At any point, one may select (click) a letter provided that the same letter occurs before or after the one selected. The substring of the same letter containing the selected letter is removed, and the string is shortened to remove the hole created. To solve the puzzle, the player has to remove all letters and obtain the empty string. If the player obtains a non-empty string in which no letter can be selected, then the player loses. For example, if one starts with the string "ABBAABBAAB", selecting the first "B" gives "AAABBAAB". Next, selecting the last "A" gives "AAABBB". Selecting an "A" followed by a "B" gives the empty string. On the other hand, if one selects the third "B" first, the string "ABBAAAAB" is obtained. One may verify that regardless of the next selections, we obtain either the string "A" or the string "B" in which no letter can be selected. Thus, one must be careful in the sequence of selections chosen in order to solve a puzzle. Furthermore,
there are some puzzles that cannot be solved regardless of the choice of selections. For example, "ABBAAAAB" is not a solvable puzzle. Some facts are known about solvable puzzles: The empty string is solvable. If x and y are solvable puzzles, so are xy, AxA, and AxAyA for any uppercase letter
A. All other puzzles not covered by the rules above are unsolvable.
Given a puzzle, your task is to determine whether it can be solved or not.

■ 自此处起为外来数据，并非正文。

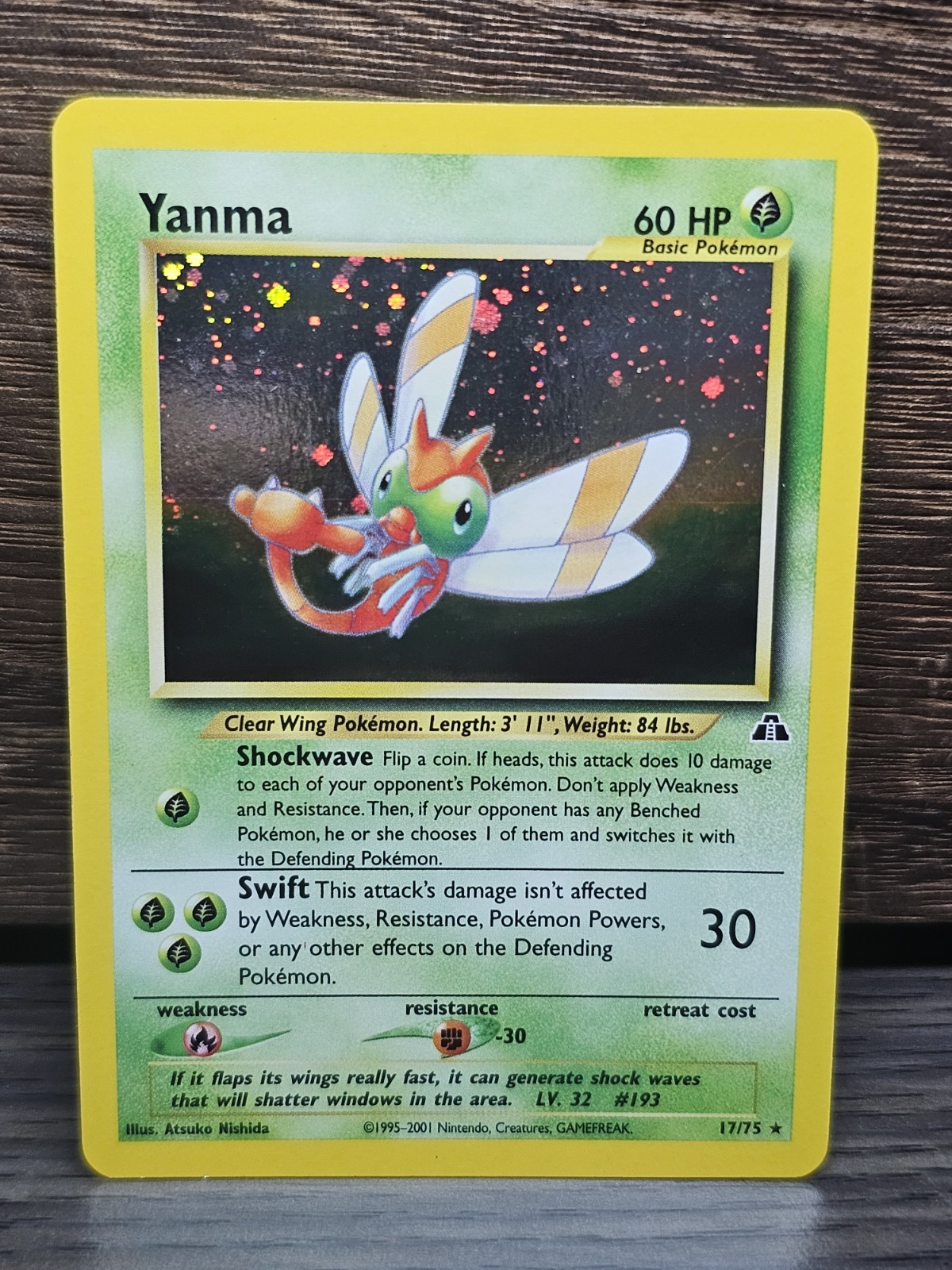 Yanma Unlimited Holo Rare 17/75 - Pokemon TCG Neo Discovery Vintage NM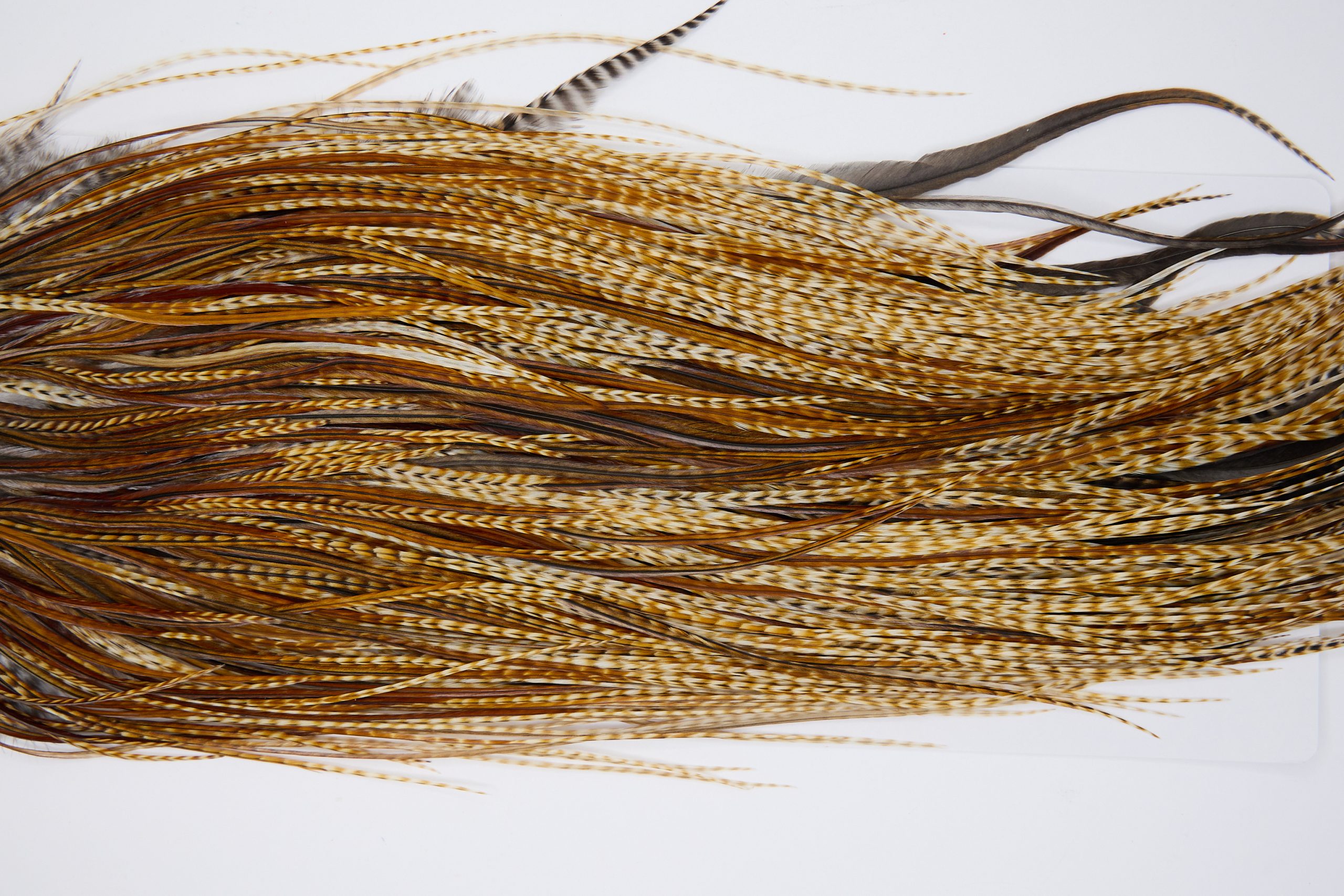 11225 Whiting Dry Fly Hackle Pro Grade Rooster Saddle Dark Barred Ginger Ties Size 16-18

Each case of input is specified by a single line. Each line contains a string of uppercase letters. Each string has at least one but no more than 150 characters. The input is terminated by the end of file.

For each input case, print solvable on a single line if there is a sequence of selections that solves the puzzle. Otherwise, print unsolvable on a line.

ABBAABBAAB

ABBAAAAB

solvable

unsolvable

解题思路：因为题目中给出了状态转移的三种情况。即xy, AxA, and AxAyA。所以对这些情况分别讨论。最不好做的就是AxAyA这种情况。找到中间的A之后，判断中间的A分别和两边的A之间是否可消，这里将空串处理为可消的情况。

#include<bits/stdc++.h>

using namespace std;

const int maxn=300;

bool dp[maxn][maxn];

bool jud(int x,int y,char s[]){

    for(int i=x+1;i<y;i++){

        if(dp[x][i]&&dp[i+1][y]){   //AABBB即xy的情况

            return true;

        }

    }

    if(s[x]==s[y]){

        if(y-x==1){                 //AA即x的情况

            return true;

        }

        if(dp[x+1][y-1]){           //ABBA即AxA情况

            return true;

        }

        for(int i=x+1;i<y;i++){     //ABBACCA即AxAyA情况

            if(s[i]==s[x]){         //枚举中间的A

                    //如果A的左侧有空串或能消并且A的右侧有空串或能消，即能消

                if((i-1<x+1||dp[x+1][i-1])&&(i+1>y-1||dp[i+1][y-1])){

                    return true;

                }

            }

        }

    }

    return false;

}

void DP(char s[]){

    int len=strlen(s);

    for(int k=1;k<len;k++){

        for(int i=0;i<len-k;i++){

            int j=i+k;

            dp[i][j]=jud(i,j,s);

        }

    }

}

int main(){

    char str[300];

    while(scanf("%s",str)!=EOF){

        memset(dp,0,sizeof(dp));

        DP(str);

        int len=strlen(str);

        if(!dp[0][len-1]){

            printf("un");

        }

        printf("solvable\n");

    }

    return 0;

}